* _About this exercise_:
When you reach the records below, output each one exactly.

* _Excerpted records_:

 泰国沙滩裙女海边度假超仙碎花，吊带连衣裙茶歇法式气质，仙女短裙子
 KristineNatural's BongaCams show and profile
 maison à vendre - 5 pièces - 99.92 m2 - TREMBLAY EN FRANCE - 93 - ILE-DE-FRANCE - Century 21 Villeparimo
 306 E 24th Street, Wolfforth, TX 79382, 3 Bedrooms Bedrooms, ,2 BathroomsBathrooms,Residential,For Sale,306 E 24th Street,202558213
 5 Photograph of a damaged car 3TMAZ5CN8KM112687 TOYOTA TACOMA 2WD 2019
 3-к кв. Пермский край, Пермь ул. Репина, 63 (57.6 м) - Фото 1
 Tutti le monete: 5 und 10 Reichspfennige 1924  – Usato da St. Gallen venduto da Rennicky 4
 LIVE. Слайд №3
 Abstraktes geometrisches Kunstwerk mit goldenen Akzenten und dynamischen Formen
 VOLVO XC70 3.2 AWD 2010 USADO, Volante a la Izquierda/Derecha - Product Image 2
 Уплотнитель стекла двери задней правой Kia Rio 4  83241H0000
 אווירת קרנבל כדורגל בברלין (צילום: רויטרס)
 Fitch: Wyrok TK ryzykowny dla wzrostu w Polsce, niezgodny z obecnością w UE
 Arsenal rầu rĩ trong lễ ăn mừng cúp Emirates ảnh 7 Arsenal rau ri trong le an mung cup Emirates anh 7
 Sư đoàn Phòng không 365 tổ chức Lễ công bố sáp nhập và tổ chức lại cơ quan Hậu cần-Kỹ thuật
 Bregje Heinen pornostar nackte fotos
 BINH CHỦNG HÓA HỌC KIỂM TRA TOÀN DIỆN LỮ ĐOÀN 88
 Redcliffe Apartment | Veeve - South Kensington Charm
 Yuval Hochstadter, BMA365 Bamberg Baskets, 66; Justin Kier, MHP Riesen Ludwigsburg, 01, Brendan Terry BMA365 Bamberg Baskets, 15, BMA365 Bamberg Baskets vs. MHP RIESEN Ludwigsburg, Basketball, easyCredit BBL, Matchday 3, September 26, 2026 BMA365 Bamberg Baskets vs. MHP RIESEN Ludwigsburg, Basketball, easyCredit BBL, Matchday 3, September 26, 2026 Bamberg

* _Result for this task_:
 泰国沙滩裙女海边度假超仙碎花，吊带连衣裙茶歇法式气质，仙女短裙子
 KristineNatural's BongaCams show and profile
 maison à vendre - 5 pièces - 99.92 m2 - TREMBLAY EN FRANCE - 93 - ILE-DE-FRANCE - Century 21 Villeparimo
 306 E 24th Street, Wolfforth, TX 79382, 3 Bedrooms Bedrooms, ,2 BathroomsBathrooms,Residential,For Sale,306 E 24th Street,202558213
 5 Photograph of a damaged car 3TMAZ5CN8KM112687 TOYOTA TACOMA 2WD 2019
 3-к кв. Пермский край, Пермь ул. Репина, 63 (57.6 м) - Фото 1
 Tutti le monete: 5 und 10 Reichspfennige 1924  – Usato da St. Gallen venduto da Rennicky 4
 LIVE. Слайд №3
 Abstraktes geometrisches Kunstwerk mit goldenen Akzenten und dynamischen Formen
 VOLVO XC70 3.2 AWD 2010 USADO, Volante a la Izquierda/Derecha - Product Image 2
 Уплотнитель стекла двери задней правой Kia Rio 4  83241H0000
 אווירת קרנבל כדורגל בברלין (צילום: רויטרס)
 Fitch: Wyrok TK ryzykowny dla wzrostu w Polsce, niezgodny z obecnością w UE
 Arsenal rầu rĩ trong lễ ăn mừng cúp Emirates ảnh 7 Arsenal rau ri trong le an mung cup Emirates anh 7
 Sư đoàn Phòng không 365 tổ chức Lễ công bố sáp nhập và tổ chức lại cơ quan Hậu cần-Kỹ thuật
 Bregje Heinen pornostar nackte fotos
 BINH CHỦNG HÓA HỌC KIỂM TRA TOÀN DIỆN LỮ ĐOÀN 88
 Redcliffe Apartment | Veeve - South Kensington Charm
 Yuval Hochstadter, BMA365 Bamberg Baskets, 66; Justin Kier, MHP Riesen Ludwigsburg, 01, Brendan Terry BMA365 Bamberg Baskets, 15, BMA365 Bamberg Baskets vs. MHP RIESEN Ludwigsburg, Basketball, easyCredit BBL, Matchday 3, September 26, 2026 BMA365 Bamberg Baskets vs. MHP RIESEN Ludwigsburg, Basketball, easyCredit BBL, Matchday 3, September 26, 2026 Bamberg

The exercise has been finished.